Data extract:
= Beginning of Section =
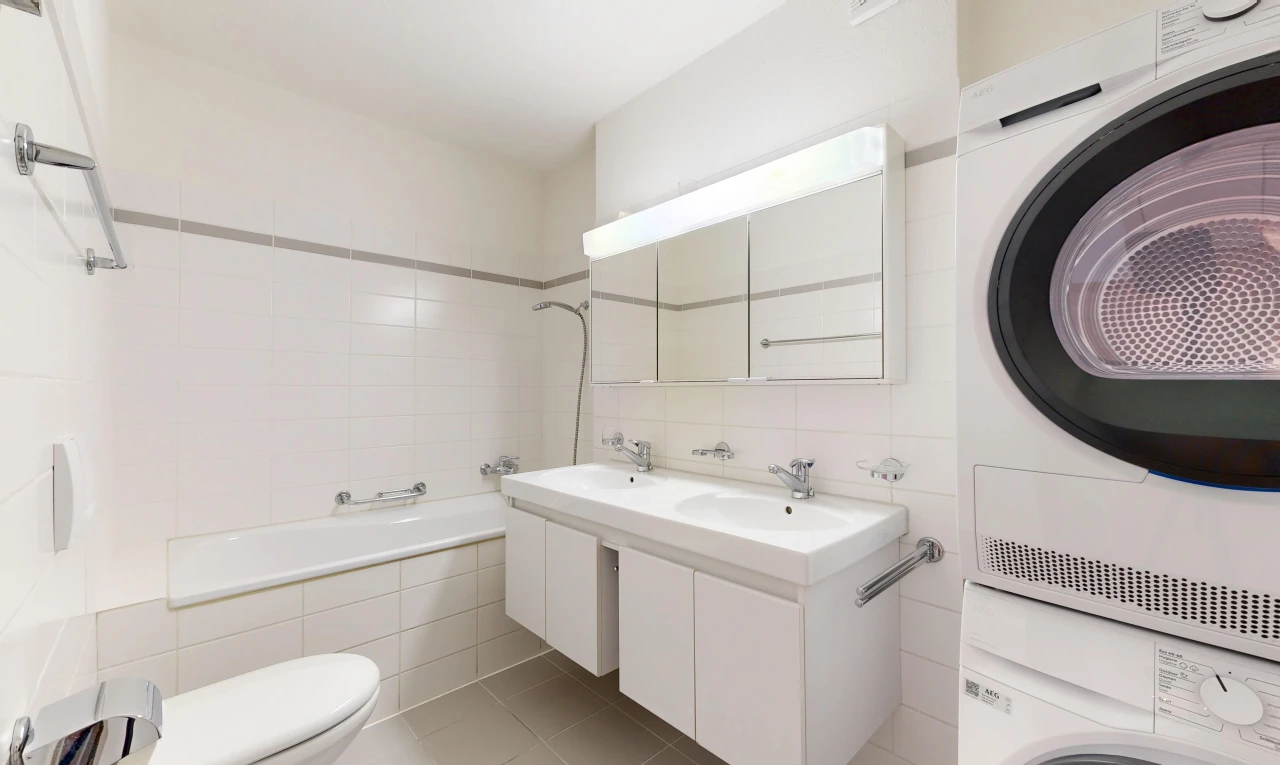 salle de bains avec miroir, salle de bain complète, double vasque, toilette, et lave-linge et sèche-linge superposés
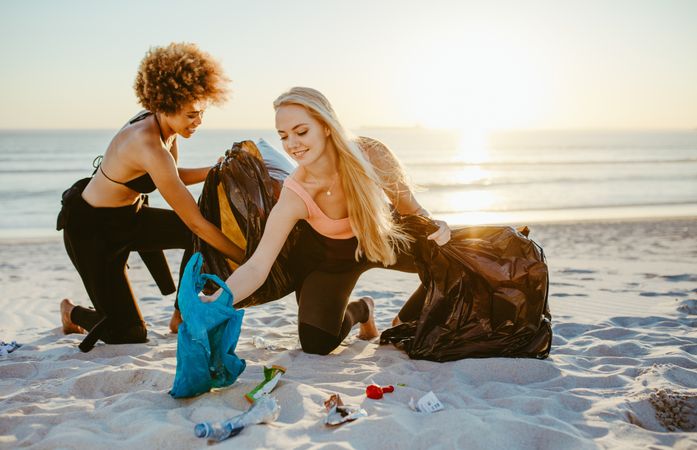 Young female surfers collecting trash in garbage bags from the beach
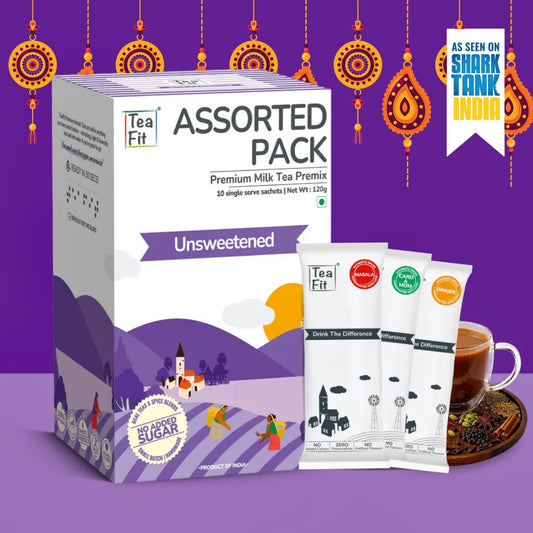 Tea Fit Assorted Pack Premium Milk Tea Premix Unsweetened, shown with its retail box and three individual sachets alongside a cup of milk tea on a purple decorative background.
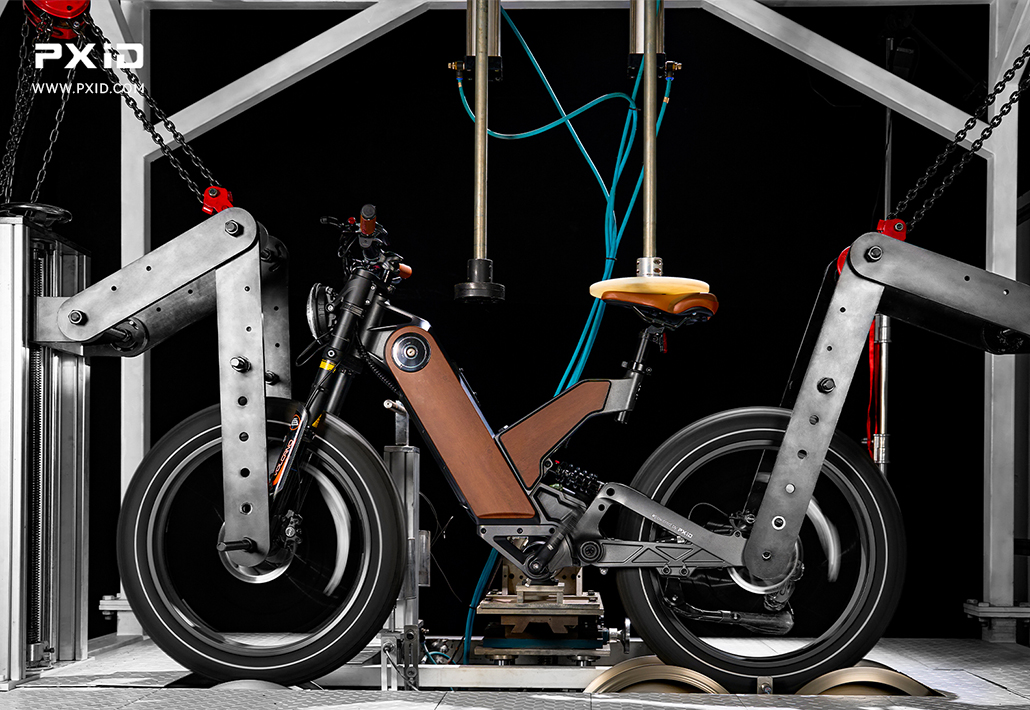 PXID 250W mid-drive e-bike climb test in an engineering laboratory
= End of Section =
Work to complete:
Write out each line of the listing above, exactly, from its first line to the line holding "Young female surfers", inclusive. Skip the pictures.

Task response:
 salle de bains avec miroir, salle de bain complète, double vasque, toilette, et lave-linge et sèche-linge superposés
 Young female surfers collecting trash in garbage bags from the beach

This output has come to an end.